スペースラブは地上では実現不可能な新しいタイプの研究実験室である。無重力状態であるということは、比重差による浮遊沈降もなければ、熱対流も生じない。静水圧もない。さらには試料を容器に入れずに実験することも可能だ。これらの性質を利用して今までどの科学者にも行い得なかった新しい実験ができる。
私たちの宇宙飛行では多岐にわたる分野の研究者が長年周到な準備をして、化合物半導体や超伝導体、合金、セラミックス、複合材料、タンパク質、高純度ガラスなどの材料を作ったり、物性を調べたりした。また、結晶成長や拡散といった物理現象、酸化還元などの化学反応の基礎的な過程を明らかにしようとした。そして、宇宙で生物が生き延びられるのか、生命が誕生するのか、という長年多くの人々が抱き続けてきた疑問にいよいよ答えを見つける糸口が開かれた。
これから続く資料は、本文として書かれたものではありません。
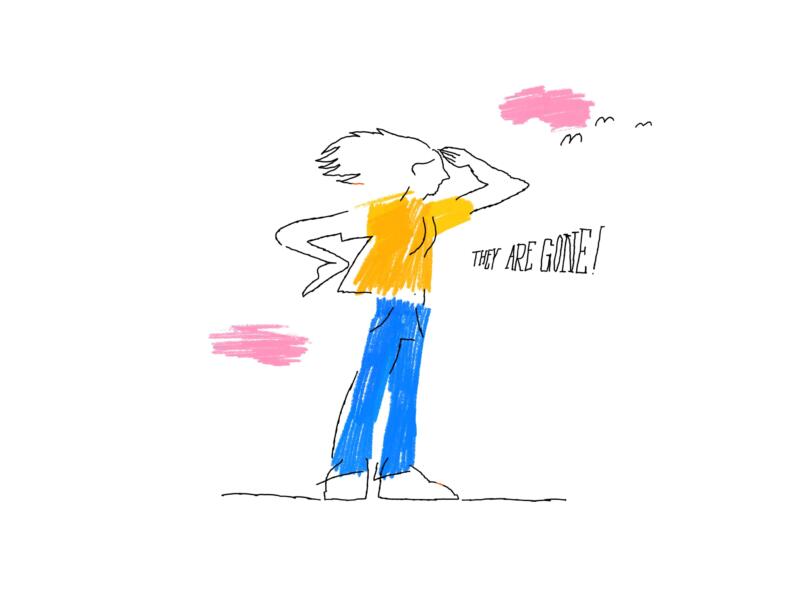 En långhårig person står och spejar efter något och säger att de är borta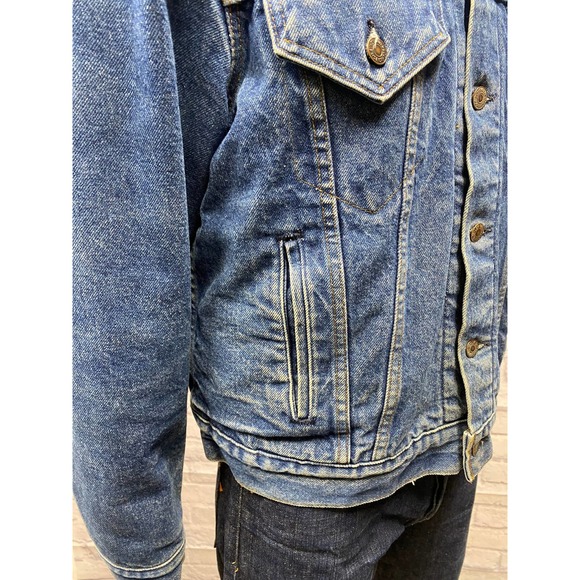 Levi's size 44 western cowboy trucker blanket lining denim jacket made in USA! - Picture 6 of 10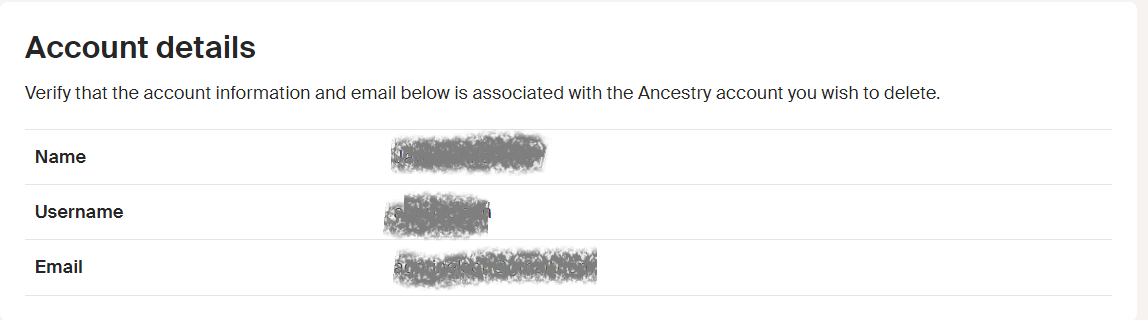 ancestry account details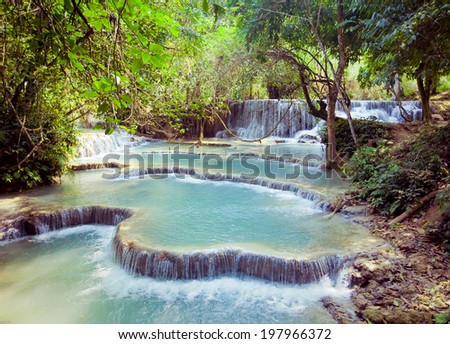 Kuangsi  waterfall in deep forest in Luang Prabang, Laos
私の仕事はこれらの実験を、研究者に代わって行う化学技術者である。自ら生体実験の被験者にもならなければならない。何にでも対応できる新しいタイプの科学者といえるかもしれない。幸運にもその一番手に任命され、多くの協力者のお蔭で、予想以上の成果をあげることができた。これも高校の時から北大で化学を勉強することを目指し、恵まれた環境で、何にでも適用できる基礎を学ぶことができたお蔭と思う。化学科では多くの境界領域と関係を持つと共に多くの人々との出会いがある。このことがこの道を選ぶ君にとって飛躍的な将来へのステップになることだろう。